> **WHAT YOU ARE ASKED TO DO**
From the data that follows, print exactly the lines starting at the one containing "صورة 3 Terex" and ending at the one containing "Robots Invade Campus to Deliver Burritos"; include both of them and nothing more.

> **RECORDS FOR THIS EXERCISE**

★ ★ ★

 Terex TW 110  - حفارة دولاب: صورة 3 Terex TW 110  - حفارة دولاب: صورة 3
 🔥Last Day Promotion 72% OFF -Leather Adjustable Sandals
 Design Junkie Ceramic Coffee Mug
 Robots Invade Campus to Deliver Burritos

★ ★ ★

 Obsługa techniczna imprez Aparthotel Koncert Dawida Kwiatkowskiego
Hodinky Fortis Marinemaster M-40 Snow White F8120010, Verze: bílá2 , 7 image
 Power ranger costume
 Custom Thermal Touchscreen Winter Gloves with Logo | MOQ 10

★ ★ ★

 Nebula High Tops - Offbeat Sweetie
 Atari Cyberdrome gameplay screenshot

★ ★ ★

> **OUTPUT OF THE TASK**
 Terex TW 110  - حفارة دولاب: صورة 3 Terex TW 110  - حفارة دولاب: صورة 3
 🔥Last Day Promotion 72% OFF -Leather Adjustable Sandals
 Design Junkie Ceramic Coffee Mug
 Robots Invade Campus to Deliver Burritos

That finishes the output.